Updated: Oct 13
The landscape of research and scholarly communications is continually changing. To balance the priorities of researchers, institutions, funders, publishers and intermediaries means that we have an ecosystem with significant challenges. In this post, we look at the research landscape in India and explore three challenges facing the scholarly community: research quality, open research, and predatory publishing.
India takes a positive stance against allegations around PhD theses
In May 2019, India’s University Grants Commission (UGC) made a bold stance by announcing the launch of a thesis review. The project, spanning all 851 of India’s universities, will look at theses from the last 10 years and will assess them in terms of research quality. The UGC will conclude with a report that will layout a research quality matrix or index. It will indicate which universities are producing high-quality theses, and which might be awarding theses without the expected level of scrutiny and quality control. There have been widespread concerns regarding the growth of plagiarism and manufactured research in India. The UGC is aiming to take control of the situation and deter these practices in the future.

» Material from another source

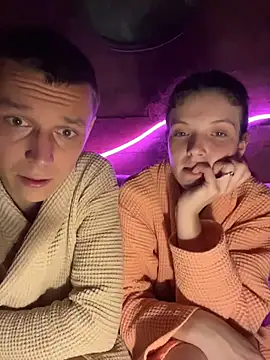 FoxStudioSex online show from 10-31-25, 04:41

Open research in India – saying no to Plan S
Launched in September 2018, Plan S is an initiative, lead by Coalition S, to achieve full and immediate open access for all research funded by public grants, by 2021. There has been a mixed reaction to the initiative, but in December 2018 a supporting statement was signed by 113 institutions from 37 nations across five continents. It demonstrates that there is widespread backing for this push on global open research. India was initially among those to volunteer their support for Plan S. However, as of October 2019, K. VijayRaghavan, the principal scientific adviser to the Government of India, has withdrawn this support and confirmed that India would not be signing up to Plan S.

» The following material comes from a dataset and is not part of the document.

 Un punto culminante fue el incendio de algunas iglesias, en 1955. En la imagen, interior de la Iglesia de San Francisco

Instead, India will be developing its own system for open research. It will focus entirely on optimizing open research for the benefit of Indian researchers, funders and institutions. It has been suggested that this announcement has come as a reaction to how Eurocentric some critics have claimed Plan S to be. It is also thought to be linked to the importance of impact factor and journal prestige in India, over the significance of open access options.
India moves to tackle the rise of predatory publishing
In 2018, a global project was carried out to assess the reliability and quality of 175,000 scientific articles. Part of this research was carried out by The Indian Express, who found over 300 predatory journals operating in India. Predatory journals may take an article from a researcher and publish it for a fee. However, they do not carry out the standard quality checks and peer review process which are at the heart of professional academic publishing. In response to this, the UGC launched investigations and discovered further predatory journals in operation. In 2019 they reduced their white list of approved journals from almost 5,000, down to just 800, to discourage researchers from publishing with predatory journals. It is hoped that by taking a strong stance against predatory journals, India is taking steps to eradicate what had become a thriving pay-to-publish culture.
Predatory publishing, research quality and the changing face of open research are all complex challenges that are faced globally, not just in India. India is facing these challenges head-on. It will be interesting to see how India will develop its open research initiative, and how this will affect publishing and journal rankings in India.